Teen Ink MagazineSpring 2017 Magazines
In feel, look and layout, Teen Ink resembles an alternative newspaper more than a magazine. The content, though, is a carefully vetted collection of solid writing on a wide array of subjects written by and for its teen audience. Not just one or two submissions, but the whole thing, and the strength of the work (non-fiction, mostly, but also fiction, art and poetry) is impressive.
Contributions are timely and succinct. One recent issue was college-themed, and included a handful of award-winning application essays, plus a thoughtful piece on taking a gap year. And subject matter is consistently unique and interesting. A contribution by a teen with synesthesia, introduced me to a fascinating condition involving color and word associations that I might otherwise have never known about.
The Reviews (books, movies and music) section is impressive not only in size, but variety. Imagine reading a review of a 1975 Patti Smith album, the animated version of The Little Prince, and A Moveable Feast all in one place from three different writers.

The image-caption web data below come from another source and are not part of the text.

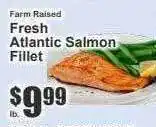 Super Fresh Fresh atlantic salmon fillet offer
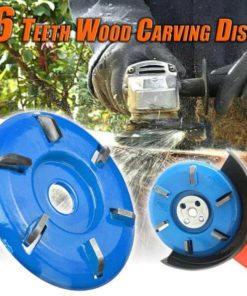 6 Teeth Wood Carving Disc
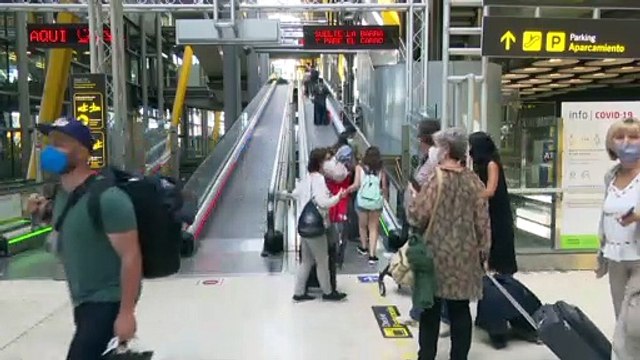 Las vacaciones de verano acaban con la 'operación retorno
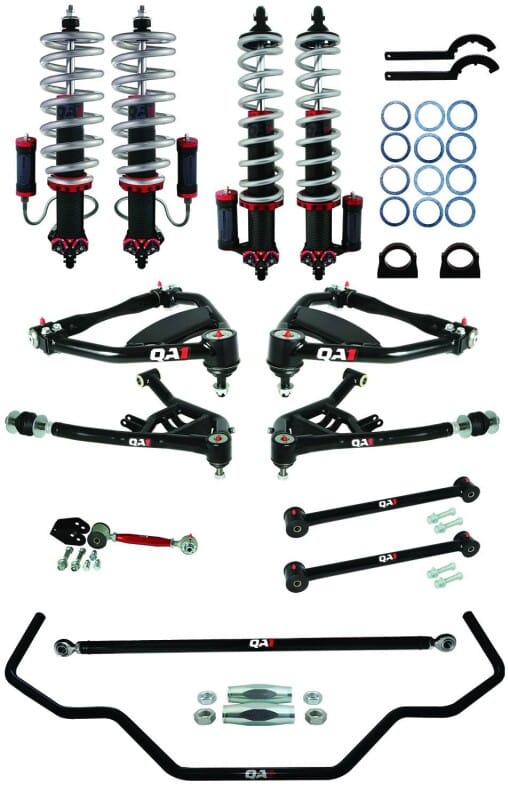 QA1 — QA1 65-68 GM B-Body Level 3 Drag Kit 2.0 w/ Shocks
Drag Suspension Kit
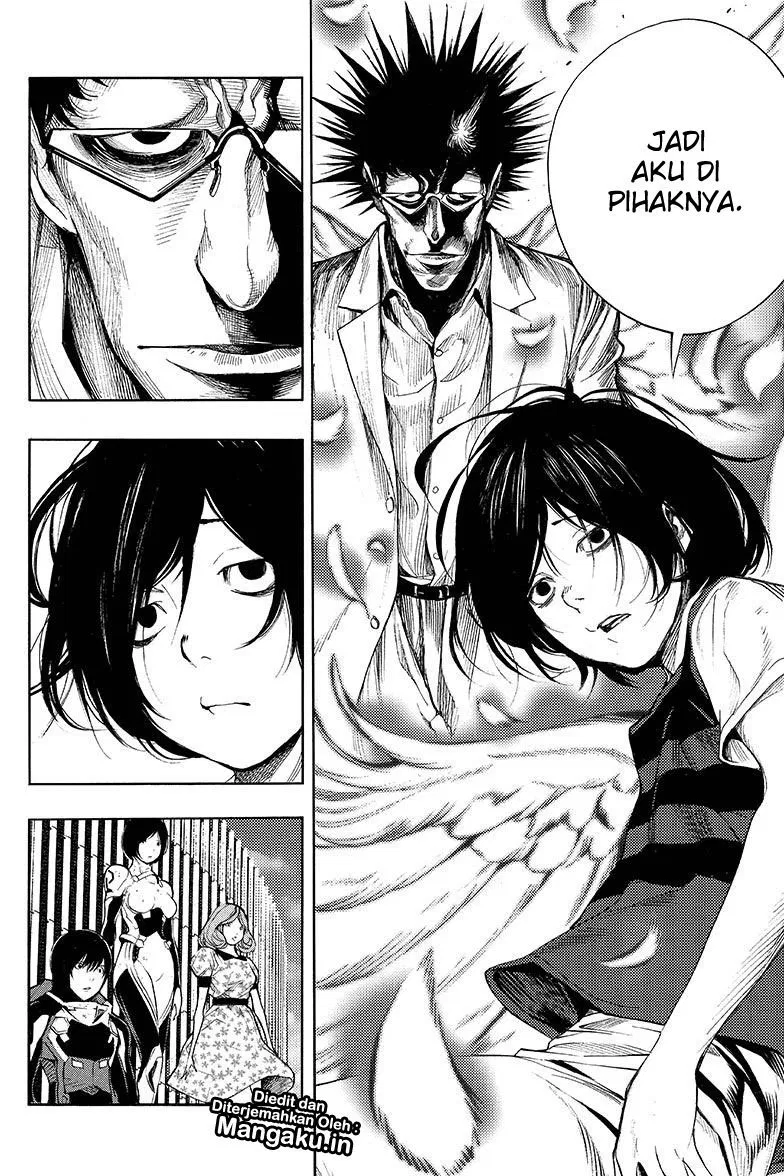 Platinum End Chapter 40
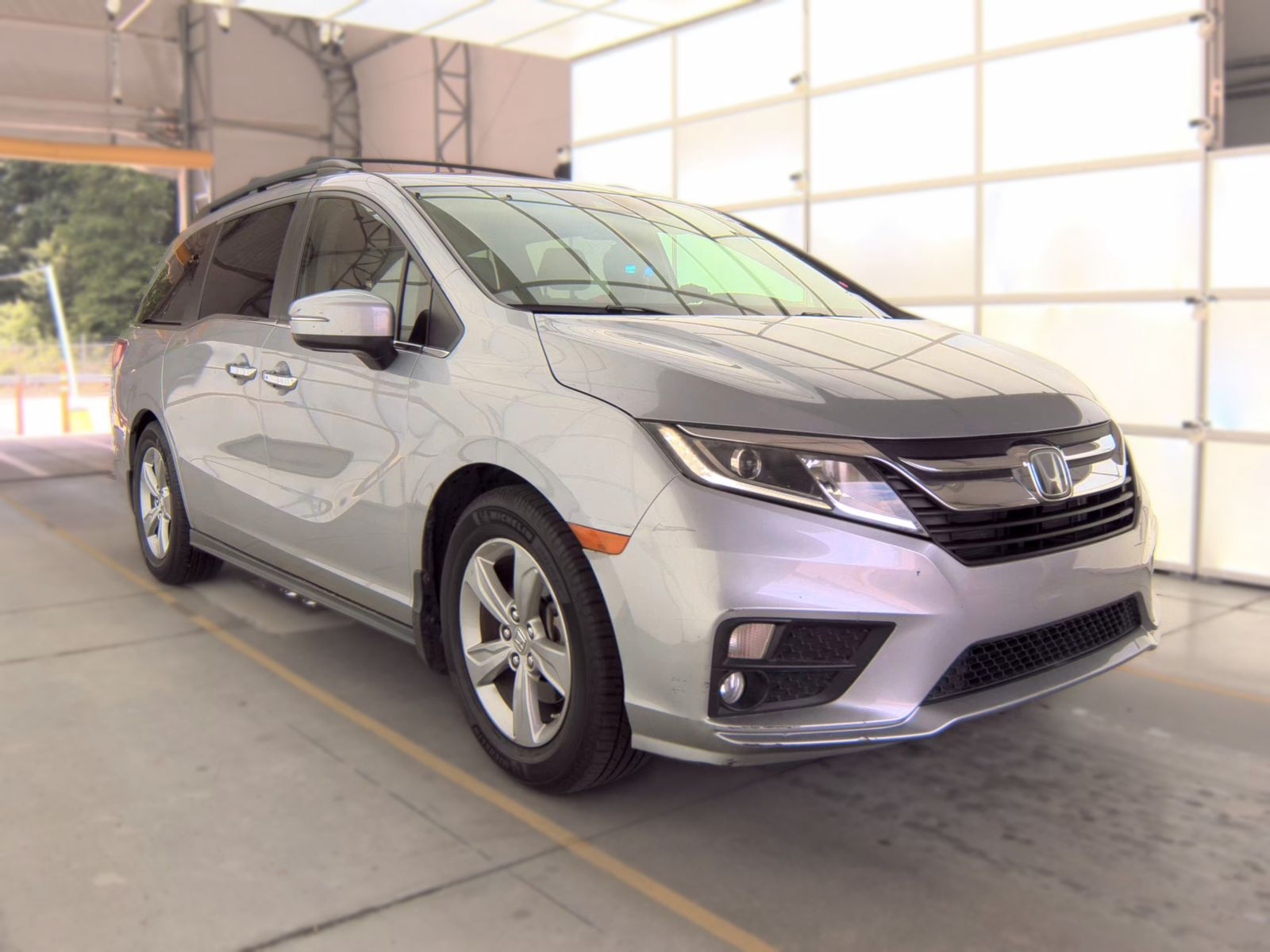 2018 Honda Odyssey EX-L FWD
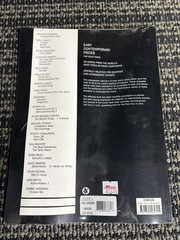 Easy Contemporary Pieces Sheet Music for Piano Solo Book 014048336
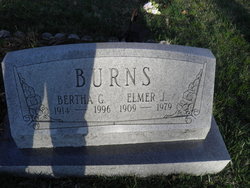 Bertha Glenna <I>Davis</I> Burns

That's what you'll get here.
Teen Ink's dated look (black and white newsprint, low resolution and sparse color) might seem hokey to young readers used to the slick compact polish of digital which many magazines likewise mimic - but others might find it an appealingly retro. Either way, there are plenty of gems within. The diversity of its writers in terms of geographical, ethnic and socioeconomic points of view - is refreshing and reflected in the content, which is key to its appeal.